§ **Material for this task**
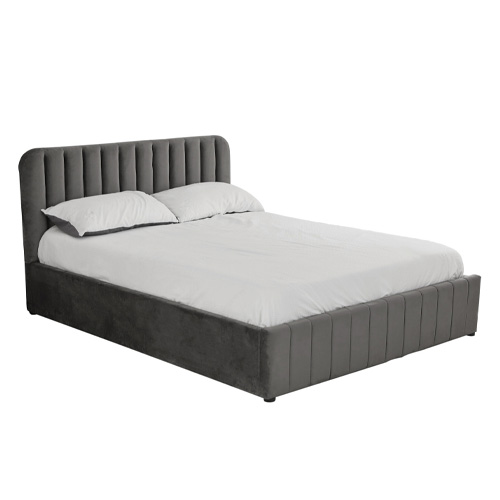 Lit coffre adulte 140x190 cm avec tête de lit capitonnée en velours gris - Ava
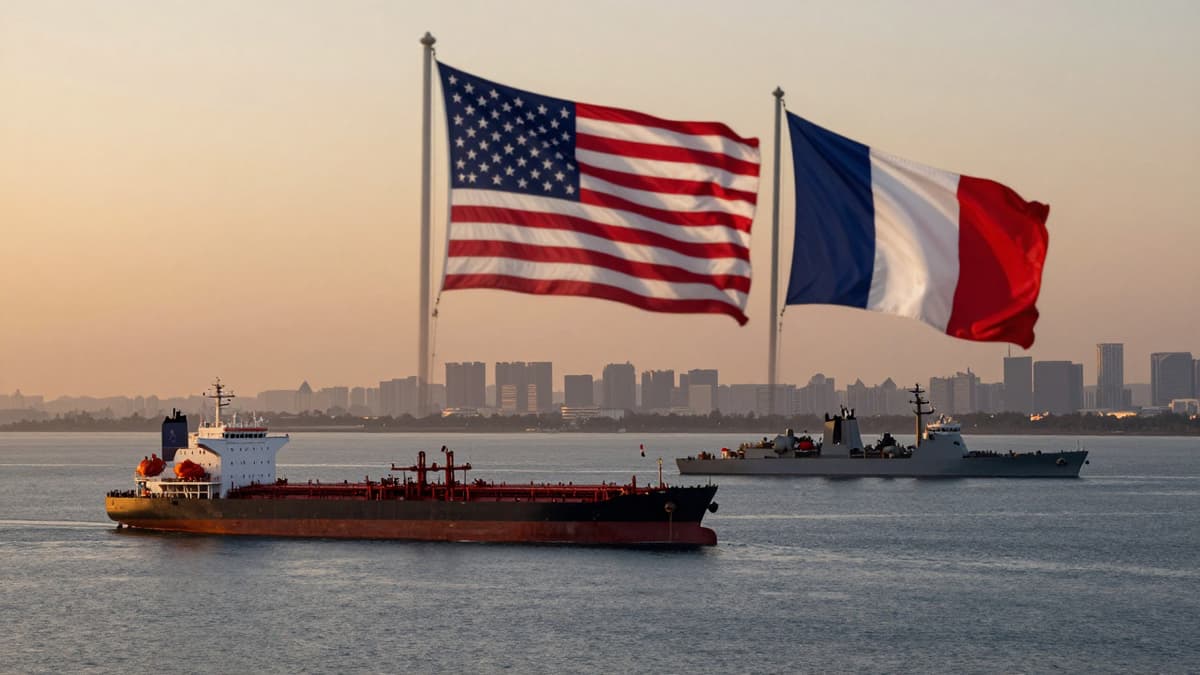 Oil tankers in the Persian Gulf with American and French flags waving against a twilight sky.
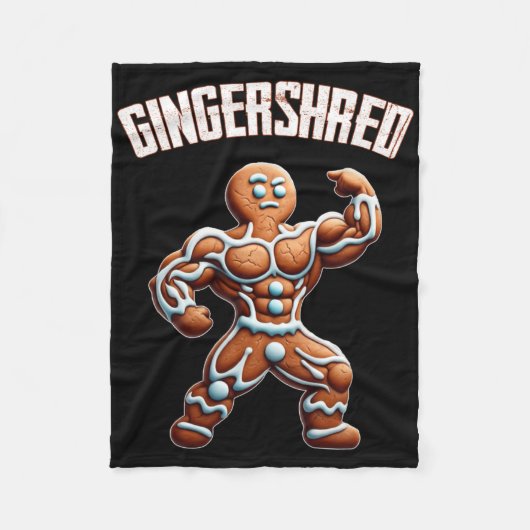 Gingershred Funny Gingerbread Man Gym Bodybuilding Fleece Deken (Voorkant)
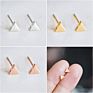 Minimalist Ear Silver Gold Color 4Mm Square round Triangle Cross Heart Shape Stainless Steel Stud Earrings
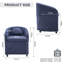 059-Ensemble de 1 fauteuil de salle à manger en chenille avec coussin de dossier et roues universelles, bleu-931037154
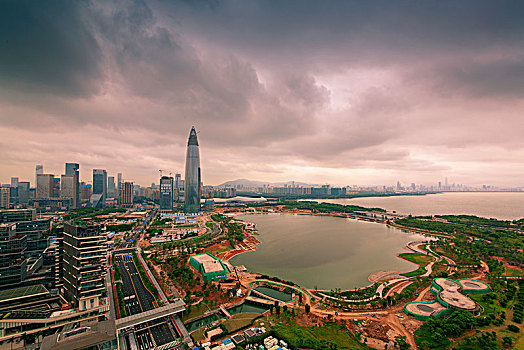 中国广东深圳南山后海湾都市风光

§ **Work required**
The copy should match each line above exactly and contain no images.

§ **Exercise answer**
 Lit coffre adulte 140x190 cm avec tête de lit capitonnée en velours gris - Ava
 Oil tankers in the Persian Gulf with American and French flags waving against a twilight sky.
 Gingershred Funny Gingerbread Man Gym Bodybuilding Fleece Deken (Voorkant)
 Minimalist Ear Silver Gold Color 4Mm Square round Triangle Cross Heart Shape Stainless Steel Stud Earrings
 059-Ensemble de 1 fauteuil de salle à manger en chenille avec coussin de dossier et roues universelles, bleu-931037154
 中国广东深圳南山后海湾都市风光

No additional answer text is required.